What we can learn from Paul, the 'Chief of Sinners'


The Apostle Paul’s entry point into Christianity was not a casual walk down the aisle of a nice, air conditioned church sanctuary where a well dressed pastor was waiting for him to pray a prayer.  

Paul met Jesus on a dusty, dirt road after Jesus had body slammed him to the ground while rebuking him (Acts 9).  Later Paul was not told that he had just made the most important decision of his life and now his life would get better since he had decided to follow Jesus - instead God said that Paul would suffer and suffer “much” for the name of Christ (Acts 9:16).  This is not exactly how we recruit people to serve at VBS is it?

Ken Ansell

The Apostle Paul wrote 13 books of the New Testament (13 out of 27).  He started directly or indirectly 20 plus churches and went on 3 to 4 mission trips that for the most part served as the catalyst for these new churches and the spreading of the Gospel.  Paul did this without an administrative assistant, without any denominational office, without really much of a team at all (in fact many people/partners abandoned Paul), no go fund me account, no social media, no wifi, not even a flip phone, mail chimp or a laptop.  How did he do this?  We struggle to get the Gospel out to the streets we live on or even invite a good friend to church, let alone take Jesus around the world (Acts 1:8).  I don’t want to bring you down but most people in most churches can barely read their Bibles every day or spend any significant time in prayer.  Did you know that only 11% of church going folks have read the Bible from cover to cover and only 9% have read it cover to cover twice?

Was Paul an overachiever? Was Paul so great and so awesome and that’s why he accomplished so much?  Did this guy wear a cape over his pajamas, and was he a spiritual superhero?  Ha, not even close.  He told the Church at Corinth that he was the least of the Apostles, he told them he was not worthy of being called an apostle (1st Corinthians 15:9).  On the top of Paul’s resume was the term, “Chief of Sinners (1st Timothy 1:15).”  And he shared with the Romans that he was confused and that he did not do the good he wanted to do but instead did the things he hated and did not want to do (in other words he was selfish and prideful and a failure by church standards).  Sound familiar?

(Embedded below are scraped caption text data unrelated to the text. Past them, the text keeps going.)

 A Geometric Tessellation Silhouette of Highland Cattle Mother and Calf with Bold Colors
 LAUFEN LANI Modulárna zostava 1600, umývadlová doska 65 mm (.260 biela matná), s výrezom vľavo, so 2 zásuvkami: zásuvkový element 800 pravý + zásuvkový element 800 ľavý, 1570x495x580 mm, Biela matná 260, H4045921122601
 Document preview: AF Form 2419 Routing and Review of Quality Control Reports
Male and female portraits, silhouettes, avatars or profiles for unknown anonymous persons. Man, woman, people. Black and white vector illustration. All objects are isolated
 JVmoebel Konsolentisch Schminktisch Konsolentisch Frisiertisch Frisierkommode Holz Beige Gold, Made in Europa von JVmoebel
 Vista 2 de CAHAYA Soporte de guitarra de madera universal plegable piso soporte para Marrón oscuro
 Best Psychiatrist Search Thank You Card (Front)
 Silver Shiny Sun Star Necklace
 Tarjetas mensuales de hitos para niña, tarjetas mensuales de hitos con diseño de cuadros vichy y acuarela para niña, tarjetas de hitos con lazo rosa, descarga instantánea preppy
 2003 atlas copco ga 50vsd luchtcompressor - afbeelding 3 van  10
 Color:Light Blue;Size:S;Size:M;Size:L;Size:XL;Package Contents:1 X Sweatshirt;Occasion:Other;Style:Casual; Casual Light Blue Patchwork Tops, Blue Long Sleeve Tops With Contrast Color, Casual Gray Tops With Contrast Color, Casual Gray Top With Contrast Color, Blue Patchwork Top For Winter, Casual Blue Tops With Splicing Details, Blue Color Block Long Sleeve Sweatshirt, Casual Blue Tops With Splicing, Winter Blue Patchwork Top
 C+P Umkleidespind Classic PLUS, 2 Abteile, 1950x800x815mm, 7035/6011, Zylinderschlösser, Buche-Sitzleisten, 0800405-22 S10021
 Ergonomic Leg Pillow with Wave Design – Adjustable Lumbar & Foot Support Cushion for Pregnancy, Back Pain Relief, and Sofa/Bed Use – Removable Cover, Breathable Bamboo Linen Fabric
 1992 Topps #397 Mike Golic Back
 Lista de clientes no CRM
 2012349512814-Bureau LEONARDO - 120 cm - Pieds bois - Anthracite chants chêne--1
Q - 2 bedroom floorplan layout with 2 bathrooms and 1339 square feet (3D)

So, no, Paul was just a guy just like you and me but he loved Jesus, he got the cross, he got sin and he got grace.  He understood how much God loved him and how God progressively changes lives as people stay vitally connected to Christ (John 15:4 - 11). 

Paul could not just sing I have decided to follow Jesus, he could tell you what it was like to actually follow Jesus, to live sacrificially and suffer the way the Bible says all of us are supposed to live.      

It’s passion right. We are where we want to be and we are doing what we want to be doing. That cross is heavy, and we have to pick it up everyday and be reminded of why we do what we do (Luke 9:23). Simple? I don’t think it’s simple, but I do think we make it way harder than it has to be.

Priorities. It all comes down to priorities. Jesus was Paul’s life (Galatians 2:20). What about you? Evangelist D. L. Moody said, “The world has yet to see what God can do with a man fully consecrated to Him. By God’s help, I aim to be that man.” Is that your aim? He asked me to ask you that.